In [2]:
import json, iso8601, fiona, pprint

# Load, Clean, Sort, Export from GNIP

This notebook: 

1. Loads raw gnip data
1. Filters for a geotag
1. Identifies all tweets within an area of interest
1. Finds Unique Users
1. Writes full GNIP GEOJSONL files per user for users with at least 1 tweet in the area of interest

## [Spark Status](http://epic-analytics.cs.colorado.edu:4040/jobs/)

In [5]:
#Load the files
raw_strings = sc.textFile('/data/chime/matthew/gnip-geo/*/*')

#Filter out the duds
strings = raw_strings.filter(lambda x: x!="")

#JSONs
jsons  = strings.map(json.loads)

tweet_jsons = jsons.filter(lambda x: 'info' not in x.keys())

## Step 1. Load all the Tweets!
### 2 Crucial Steps
1. A lot of tweets do not actually have lat/lon that will work for our purposes
1. The GNIP `geo` field is backwards from convention

In [6]:
def fix_geo(t):
    t['geo']['coordinates'].reverse()
    return t

tweets_with_geo = tweet_jsons.filter(lambda t: 'geo' in t.keys())

geo_tweets = tweets_with_geo.map(fix_geo)
# geo_tweets.cache()

### Check that this is working so far

In [7]:
pprint.pprint(geo_tweets.take(1)[0])

{u'actor': {u'displayName': u'Francisco Aguirre',
            u'favoritesCount': 16,
            u'followersCount': 161,
            u'friendsCount': 391,
            u'id': u'id:twitter.com:304010396',
            u'image': u'https://pbs.twimg.com/profile_images/378800000377728270/38ef32f591f5da633484526d17bf9bfa_normal.jpeg',
            u'languages': [u'es'],
            u'link': u'http://www.twitter.com/fraconicr',
            u'links': [{u'href': None, u'rel': u'me'}],
            u'listedCount': 2,
            u'location': {u'displayName': u'Tifton, GA',
                          u'objectType': u'place'},
            u'objectType': u'person',
            u'postedTime': u'2011-05-23T19:45:25.000Z',
            u'preferredUsername': u'fraconicr',
            u'statusesCount': 549,
            u'summary': None,
            u'twitterTimeZone': u'Mountain Time (US & Canada)',
            u'utcOffset': u'-21600',
            u'verified': False},
 u'body': u'Bendiciones!!! @ Iglesia VID

## Optional: Export subsets of the data as `.geojsonl` files
This is not by user, this is all tweets in one file (i.e., BIG)

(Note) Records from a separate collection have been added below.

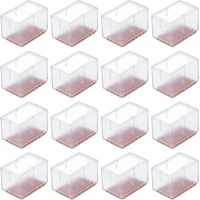 Set of 16 Non-Slip - PVC Rectangular Caps for Chair Legs, Furniture Legs HIASDFLS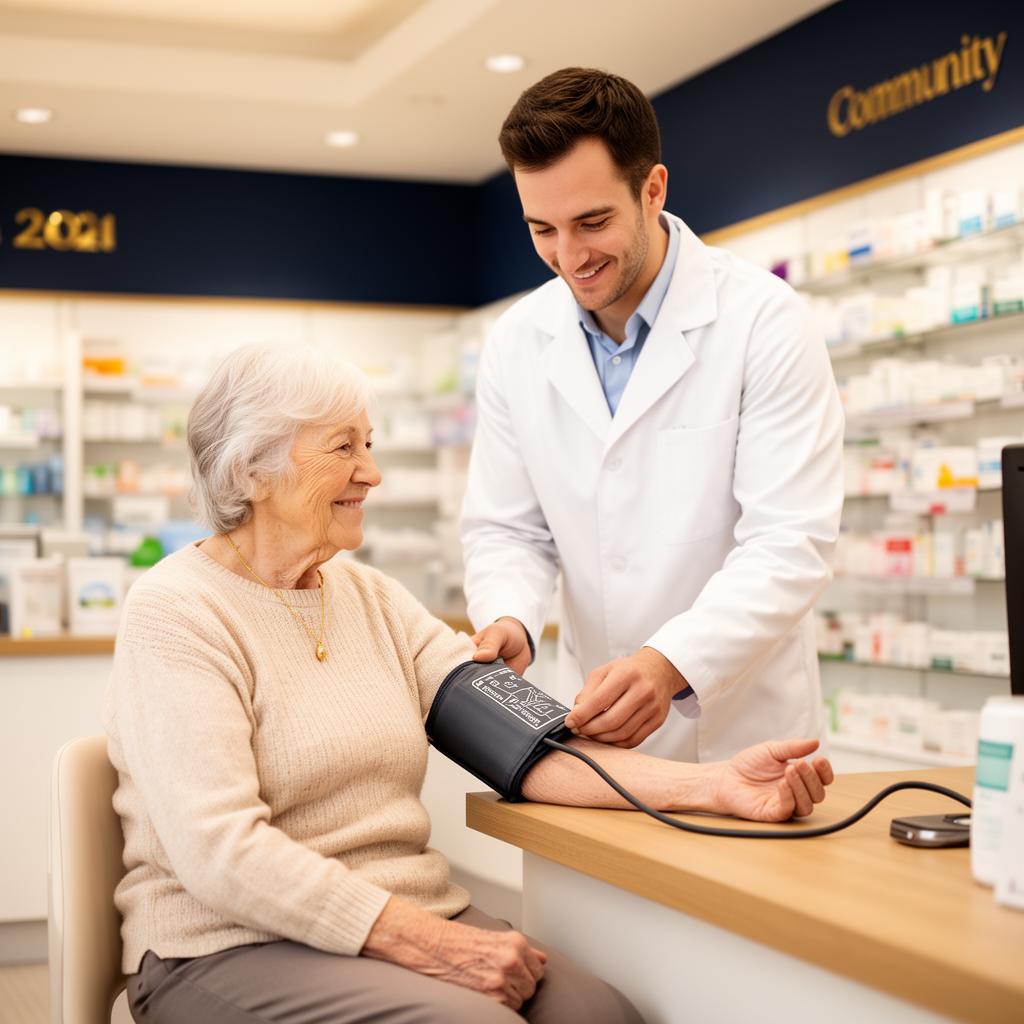 Pharmacist checking an elderly patient's blood pressure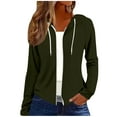 thumbnail image 1 of Bzhegqhd Women's Hooded Thin Lightweight Zipper Jacket Short Style Casual Pullover Long Sleeve Blouse Spring Fall Outerwear, 1 of 3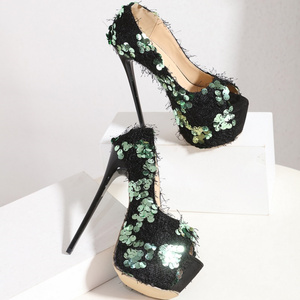 Tacones Talon Haut Sexy Platform Peep Toe 16CM <b>Pumps</b> 2025 Sequins Nightclub <b>Black</b> Shoes Stiletto High Heels for Women - Product Image 4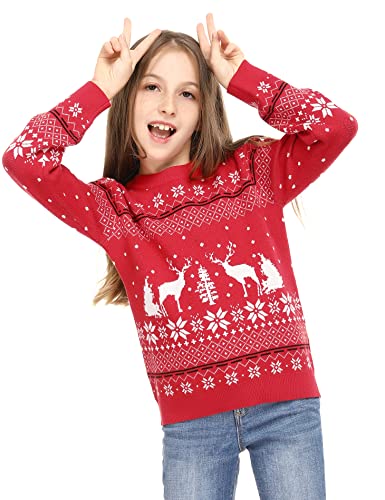 Aiboria Matching Family Ugly Christmas Reindeer Snowflakes Sweater Pullover for Women/Men/Boys/Girls4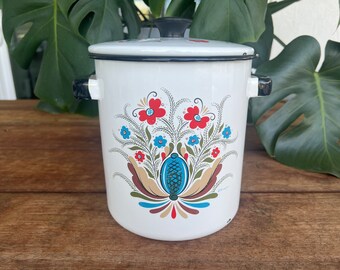 Vintage Enamel Stock Pot Steamer | Berggren | Enamelware | Kitchen Organization | Display Container | Food Cooking | Canning | Porcelain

## Step 2: Group tweets by user

In [8]:
tweets_gb_user = geo_tweets.groupBy(lambda t: t['actor']['id'])
tweets_gb_user.cache() #We should probably cache these? If we want to use them again?

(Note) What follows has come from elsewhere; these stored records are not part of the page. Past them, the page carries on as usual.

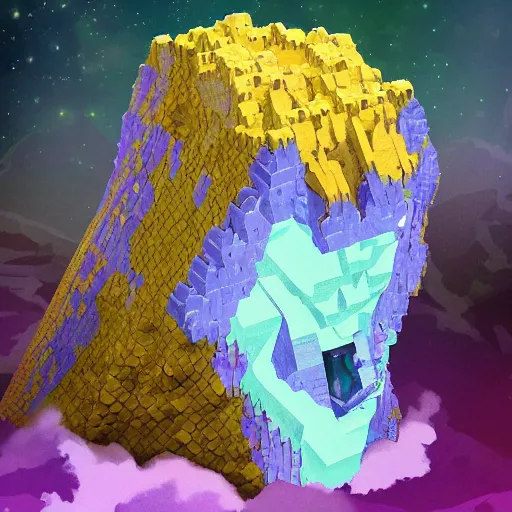 Image similar to Mountainous colossal geode crystal bismuth golem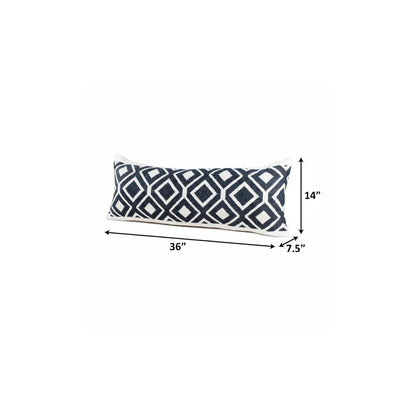14" X 36" Deep Navy And White 100% Cotton Geometric Zippered Pillow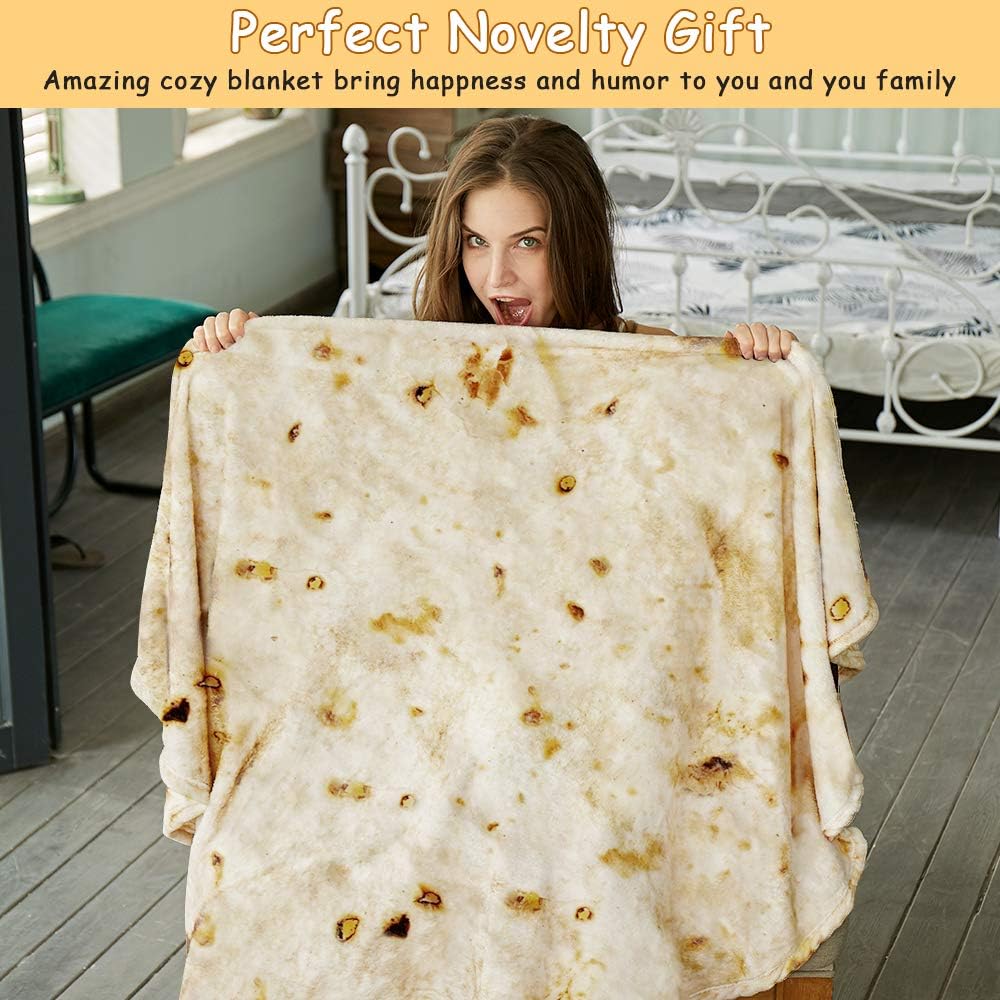 SeaRoomy Burritos Tortilla Blanket, Tortilla Wrap Blanket, Novelty Funny Tortilla Round Blanket Giant Tortilla Round Soft Blanket (Beige, 47 inches) - Grand Goldman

PythonRDD[7] at RDD at PythonRDD.scala:53

#### Check on the status of this operation, should see a tuple of: `(user_id, iterable)`

In [9]:
pprint.pprint(tweets_gb_user.take(1)[0])

(u'id:twitter.com:1637120388',
 <pyspark.resultiterable.ResultIterable object at 0x7f655c1bc250>)


In [43]:
def write_out_simplified_geo_contextual(tuple_of_uid_tweets):
    u_tweets = list(tuple_of_uid_tweets[1])
    u_tweets.sort(key=lambda t: iso8601.parse_date(t['postedTime']))
    fileName = u_tweets[0]['actor']['preferredUsername'].lower()
    write_simplified_tweets_to_geojsonl('../working_data/simplified_geo_contextual_all_users/'+fileName,u_tweets)

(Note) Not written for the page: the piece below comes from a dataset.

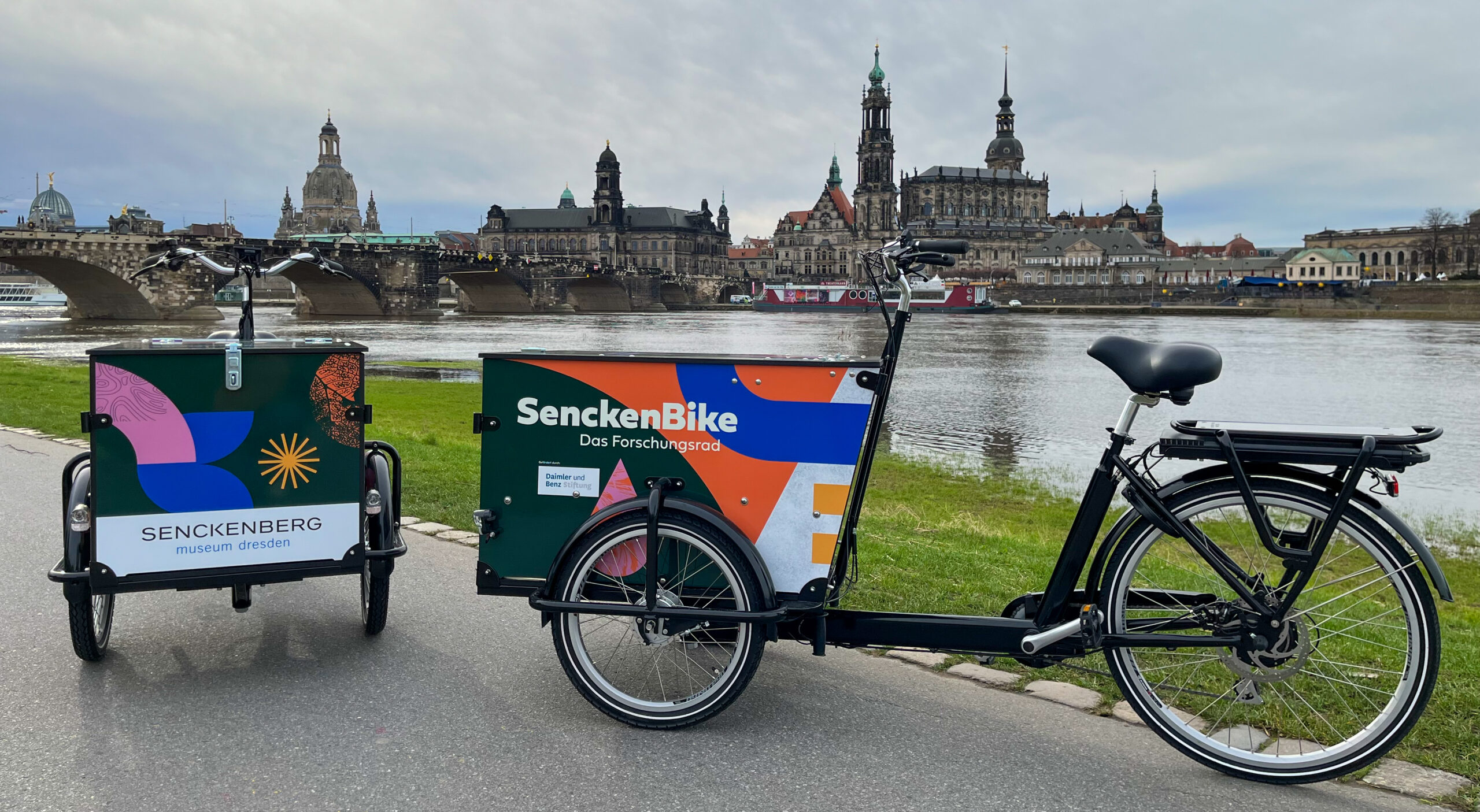 Zwei Lastenräder mit der Aufschrift SenckenBike - das Forschungsrad an den Dresdner Elbwiesen.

### Optional: Write the `geo-tweet-streams` for EVERY user 

## Step 3: Geographic Filtering

Load the shapefile for Evacuation Zone (or whatever your bounds should be)

In [72]:
from shapely.geometry import mapping, shape
import fiona
c = fiona.open('../EvacuationZones/FL_EvacZones/martin_palm_beach_inland_hull.geojson','r')
pol = c.next()
geom = shape(pol['geometry'])
geom.is_valid

True

In [73]:
#Set as a broadcst variable for spark
zoneBroadcast = sc.broadcast(geom)
#Testing (For ZoneA):
in_bounds = shape({'type': "Point", 'coordinates': [-81.6543,30.3181]})
print in_bounds
print "TRUE?", zoneBroadcast.value.contains(in_bounds)
print "TRUE?", in_bounds.within(zoneBroadcast.value)

out_of_bounds = shape({"type": "Point","coordinates": [-73.99753114562988,40.73093368341445]})
print out_of_bounds
print "FALSE?", zoneBroadcast.value.contains(out_of_bounds)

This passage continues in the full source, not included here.